On the eve of the commencement of the recently concluded World Economic Forum for Africa (WEFA), presidential spokesman Reuben Abati confirmed that the federal government had accepted an offer of help from some foreign powers in the ongoing effort to locate and rescue the 276 girls abducted from the Government Secondary School, Chibok, one month ago. The permanent members of the United Nations Security Council that offered their technical and logistic support are the United States of America, United Kingdom, China and France. Israel, widely experienced in this matter, has also offered to help.
In welcoming the development, we also remind the government of the need to be firm in the terms of engagement, just to ensure that the foreign powers do not use this as an opportunity to meddle in the internal affairs of the country. It is sad that the issue has brought Nigeria this low. The country had earlier lampooned America’s effort to set up an Africa high command; now it is reaching out to the same self-styled global policeman to deploy security personnel and assets in this search-and-rescue operation.
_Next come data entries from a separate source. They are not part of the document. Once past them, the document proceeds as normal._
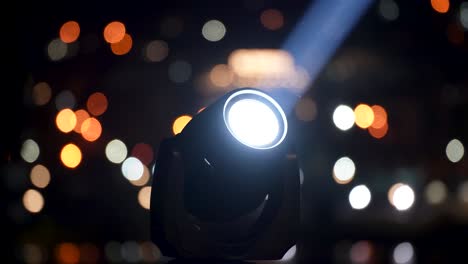 Vibrant-Laser-Light-Projector-with-Multi-Colored-Bokeh-Background-for-Concerts-and-Shows,-Closeup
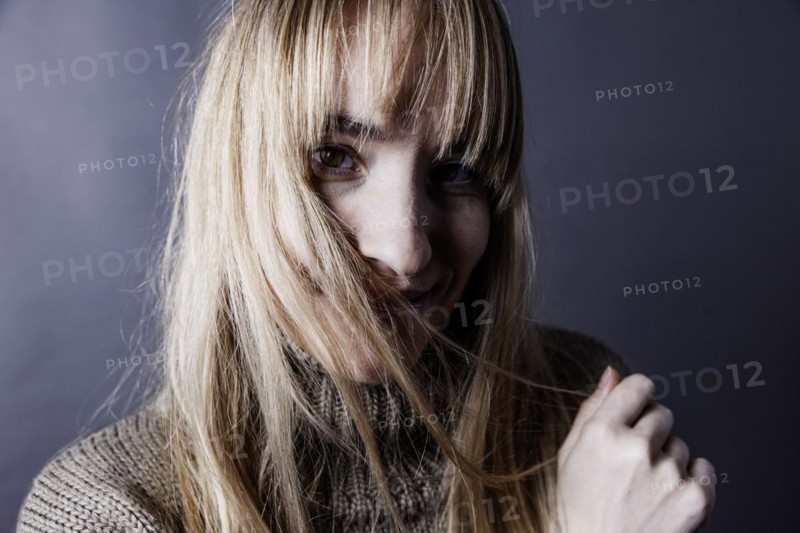 Young woman with long blond hair covers one half of her face with a strand of hair and looks saucily into camera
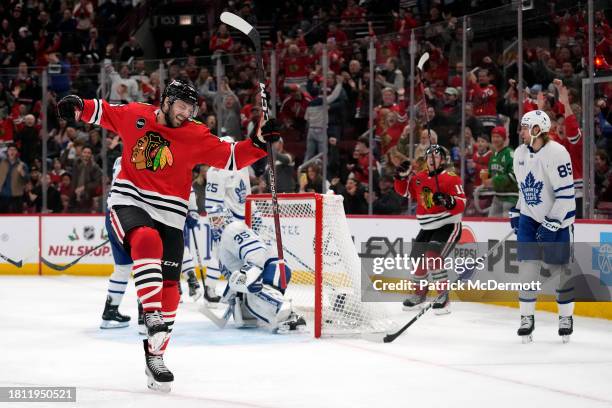 Jason Dickinson of the Chicago Blackhawks celebrates after scoring his second goal of the game against the Toronto Maple Leafs during the second...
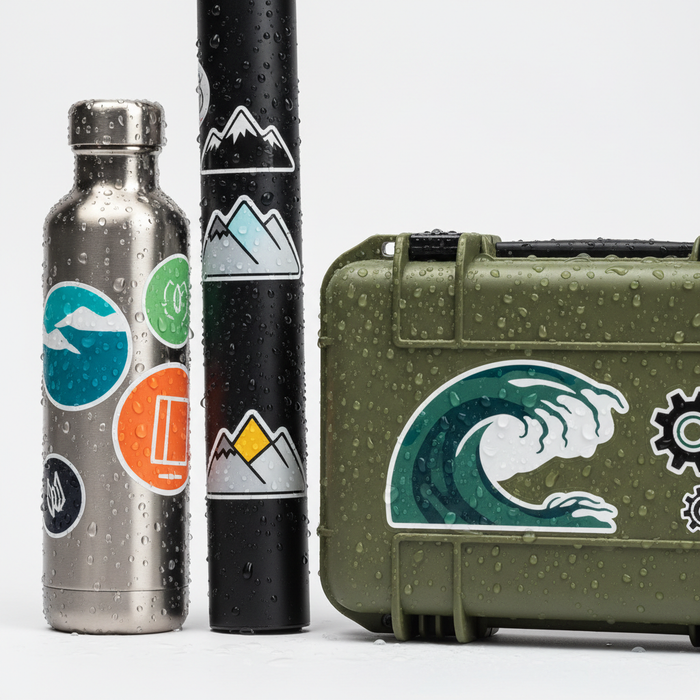 Durable vinyl stickers on a water bottle, a bike frame and a hard shell case with water droplets
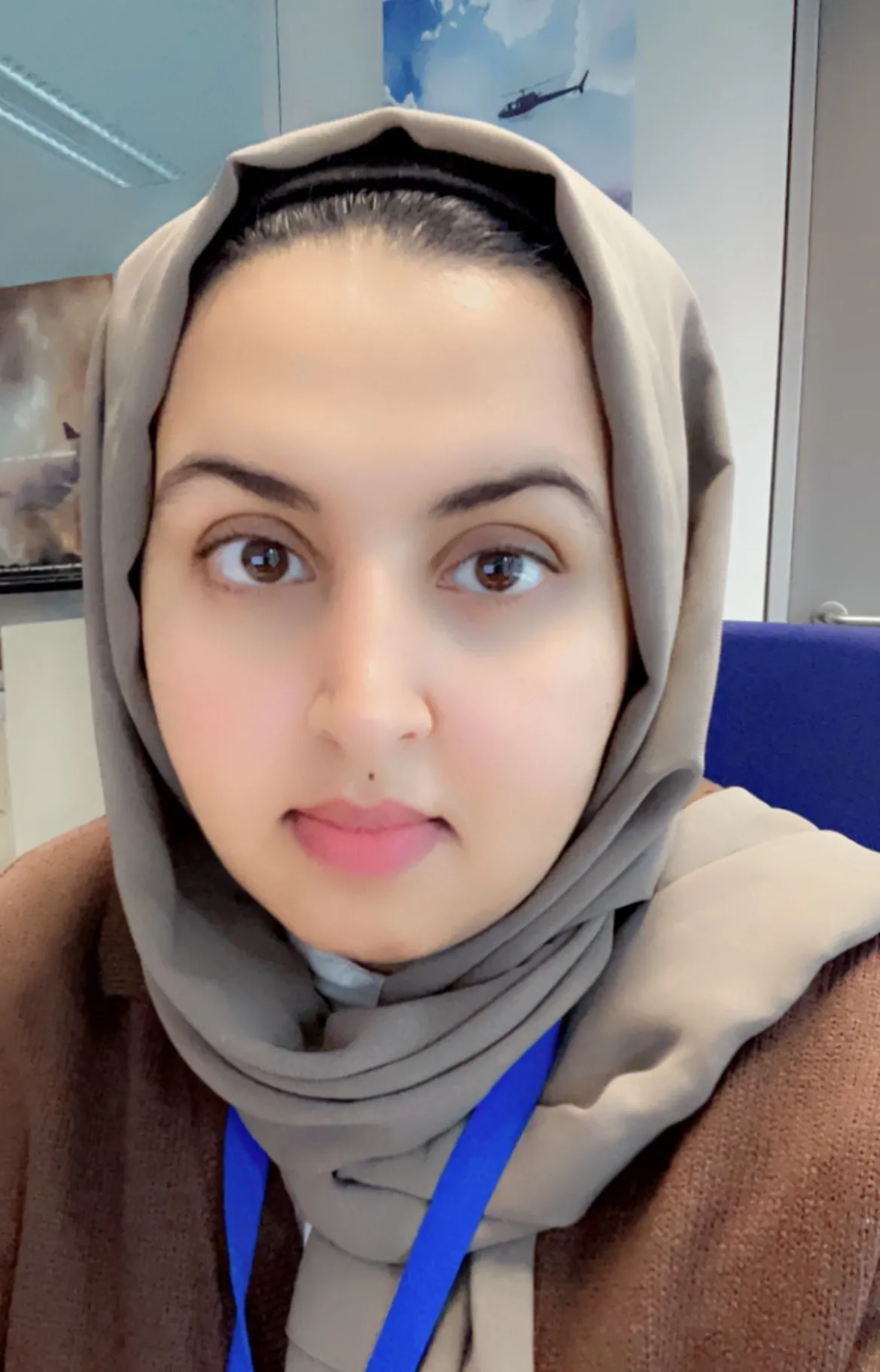 A woman with dark hair and a grey head scarf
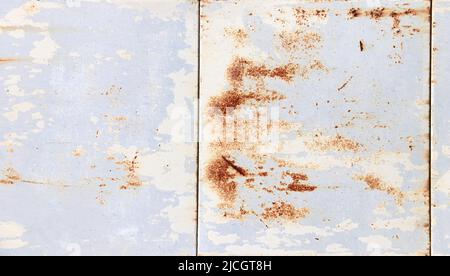 Scratched surface of panels with paint and rust stains. Metal material with streaks of rust. Texture of the old rusty metal sheet. Corroded painted ir Stock Photo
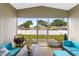 Enclosed porch with furniture and a view of backyard at 59 Saint Kitts Cir, Winter Haven, FL 33884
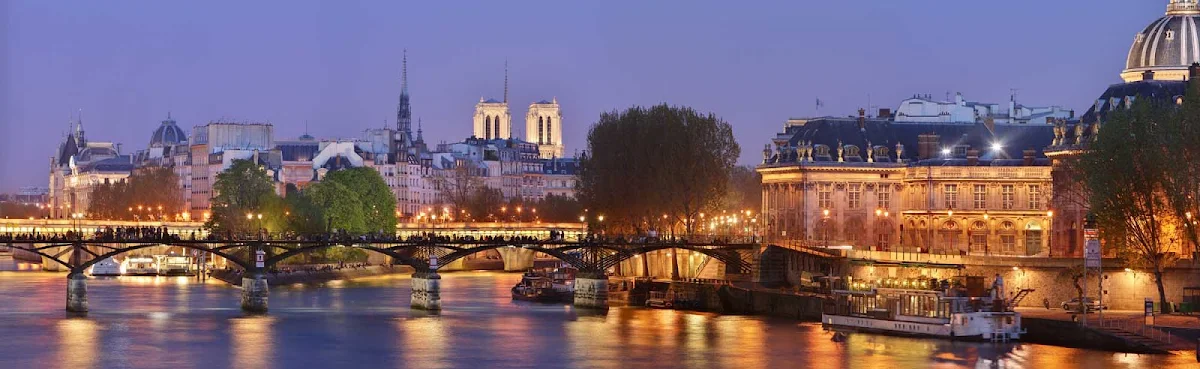 Pont-des-Arts-Paris - A wonderful evening capture of Pont des Arts, the pedestrian bridge over the River Seine in Paris. It links the Institut de France and the central square of the Louvre. You can also see Notre Dame and Sainte-Chapelle.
This may be part of the international mobilisation against terrorism, but it detracts from Nigeria’s claim as the African continent’s giant. The world has now understood that this country is just a giant with clay feet.
Nonetheless, the offer of assistance at least provides the traumatised nation a fleeting psychological relief, since failure of intelligence is boldly written on each of the operations so far undertaken to tame the Boko Haram terrorists. It also remains to be seen how and when the surveillance, capacity building and technical support of the troops from abroad will rid the nation of the captivity of terrorism in the country. In the meantime, we must emphasise that time is of the essence in this effort to bring our girls home.
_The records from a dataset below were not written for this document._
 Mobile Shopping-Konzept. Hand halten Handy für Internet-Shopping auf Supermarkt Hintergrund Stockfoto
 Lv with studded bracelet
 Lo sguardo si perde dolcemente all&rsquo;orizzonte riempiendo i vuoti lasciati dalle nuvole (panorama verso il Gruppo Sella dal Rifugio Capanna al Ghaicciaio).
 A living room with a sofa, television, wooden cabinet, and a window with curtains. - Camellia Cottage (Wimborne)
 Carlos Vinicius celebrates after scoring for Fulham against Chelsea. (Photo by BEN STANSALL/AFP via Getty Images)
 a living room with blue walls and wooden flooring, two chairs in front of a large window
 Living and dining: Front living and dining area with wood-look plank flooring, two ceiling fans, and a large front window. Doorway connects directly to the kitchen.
Our government should be mindful of the bitter criticisms by world statesmen and the press and do what is needed to keep up with public expectations. Because of its global sensitivity, it is our opinion that the government should start thinking through a counter-strategy in case Boko Haram also seeks help from other terrorist organisations around the world that it has been linked to. It will be counter-productive if lack of strategic thinking on this collaboration leads to the escalation of tension in the north-eastern part of Nigeria. Similar scenarios have been witnessed in countries where foreign powers had offered to assist in taming terrorism, especially in Iraq, Afghanistan, Pakistan, Somalia and Yemen.
It is worrying that terrorism seems to be spreading beyond Yobe, Borno and Adamawa states where emergency rule has been imposed for a year now. With other parts of the country threatened by the terrorists and coupled with the apparent cluelessness of the security forces, we wonder how long this foreign assistance will last before the country is restored to the path of sanity.